Oil climbed 4 percent yesterday as U.S. stocks advanced the most in a month on speculation the government may not have to nationalize banks. U.S. crude inventories probably increased by 1.25 million barrels last week, according to a Bloomberg survey of 14 analysts before today’s Energy Department report.
Crude oil for April delivery gained as much as 90 cents, or 2.3 percent, to $40.86 a barrel, on the New York Mercantile Exchange. The contract traded at $40.58 at 1:08 p.m. London time. Prices have fallen 59 percent in the past year.
U.S. inventories fell 138,000 barrels in the week ended Feb. 13, the first decline so far this year.

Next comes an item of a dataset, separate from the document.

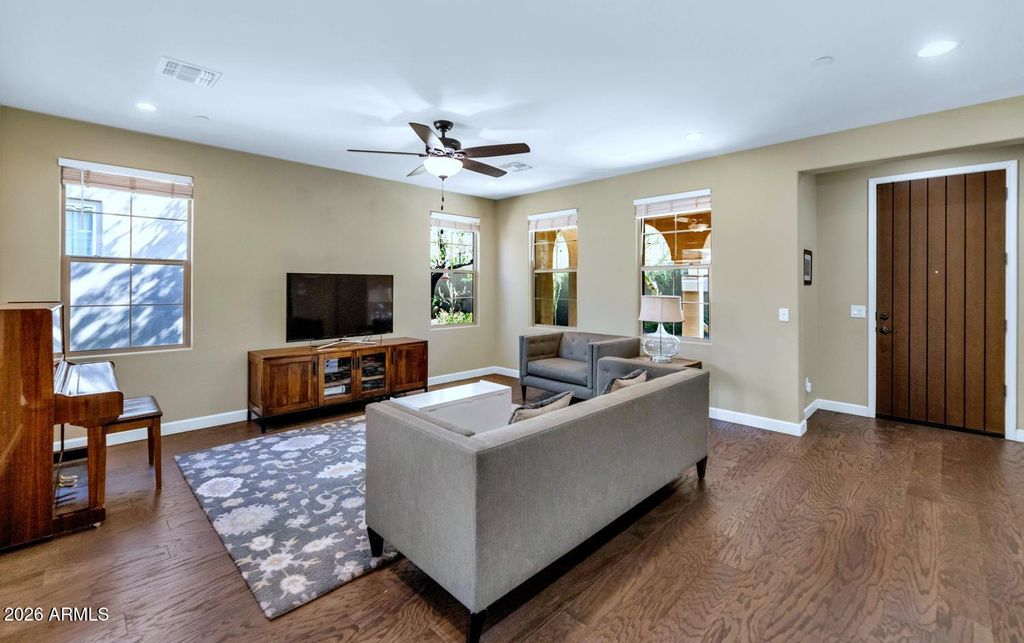 Photo of 10092 E Bell Road, Scottsdale, AZ 85260 (MLS # 7014211)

The Energy Department will release its report at 10:30 a.m. in Washington.
Supplies rose by 341,000 barrels to 346.2 million barrels a day last week, the industry-funded American Petroleum Institute said in a report released after the markets closed yesterday in Washington.
Crude imports in Japan dropped 8 percent in January from a year earlier, the finance ministry said today. Nippon Oil Corp., the country’s largest oil refiner, will slash crude oil processing by 22 percent in March from a year earlier as a milder-than-average winter reduces heating-oil demand, a company spokesman said by telephone.
Brent crude oil for April settlement gained as much as 62 cents, or 1.5 percent, to $43.12 a barrel on London’s ICE Futures Europe exchange. It was at $42.75 a barrel at 1:09 p.m. London time.
The 11 OPEC members with quotas, all except Iraq, reduced output by 3.8 percent to 25.3 million barrels a day in February, according to consultant PetroLogistics Ltd. of Geneva. That’s down from 26.3 million barrels in January, according to Conrad Gerber, founder of PetroLogistics. Members have a quota of 24.845 million barrels a day.